This calls for a word-for-word copy of all the data, with each picture removed.

DATASET CONTENT>
-- Opening Marker --

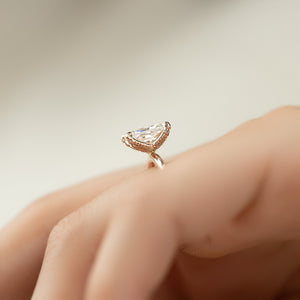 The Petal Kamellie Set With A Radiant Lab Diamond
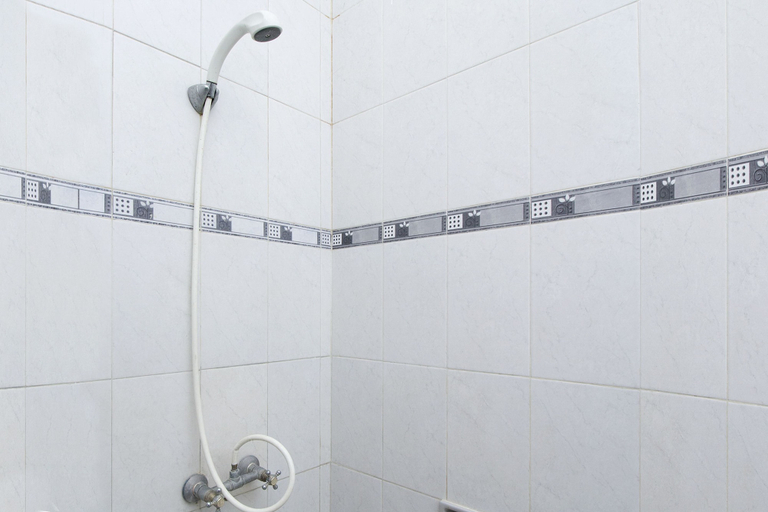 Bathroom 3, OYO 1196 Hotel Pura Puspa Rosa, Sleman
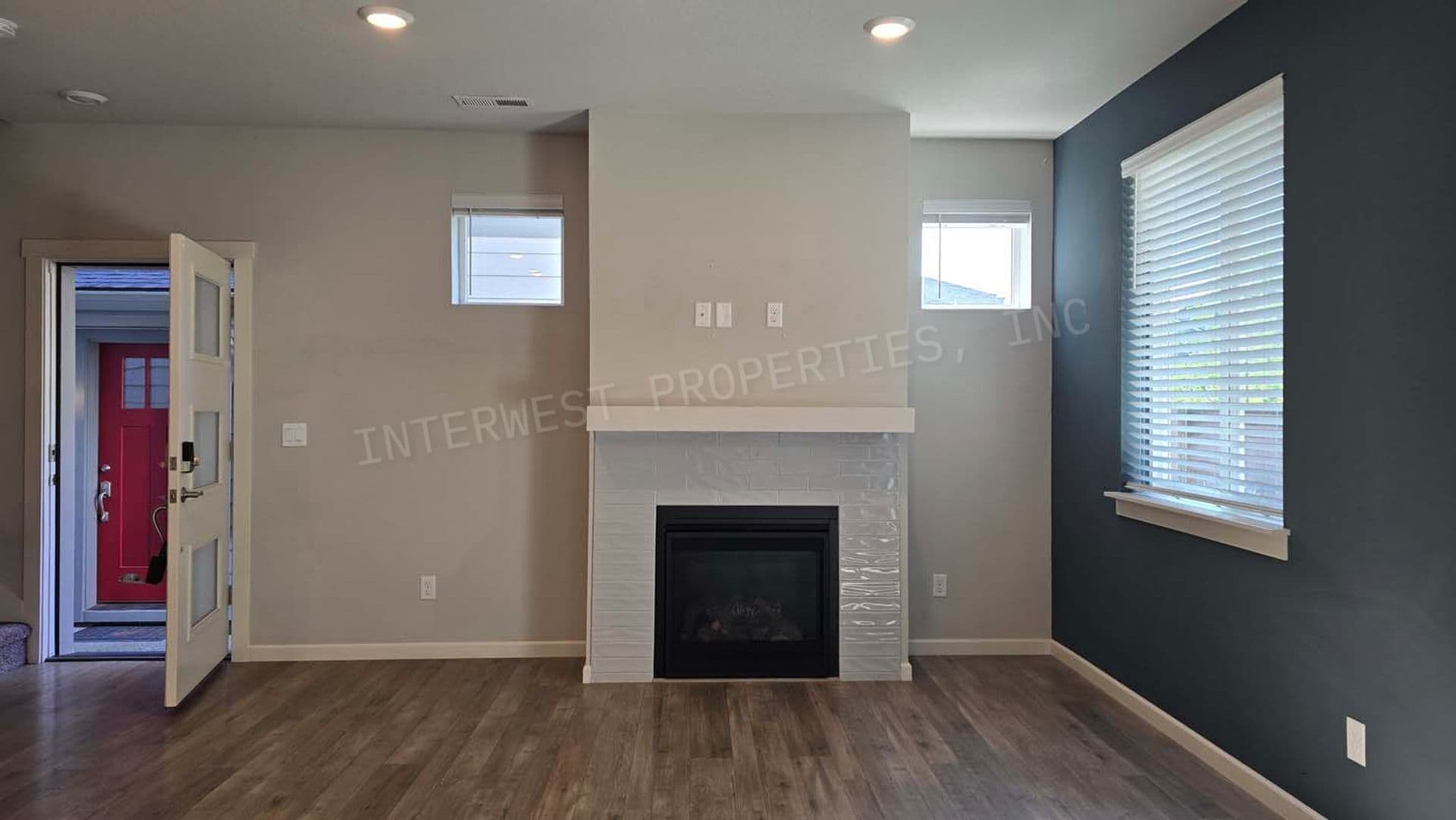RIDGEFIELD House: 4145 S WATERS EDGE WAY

-- Closing Marker --

PROBLEM SOLUTION>
 The Petal Kamellie Set With A Radiant Lab Diamond
 Bathroom 3, OYO 1196 Hotel Pura Puspa Rosa, Sleman
RIDGEFIELD House: 4145 S WATERS EDGE WAY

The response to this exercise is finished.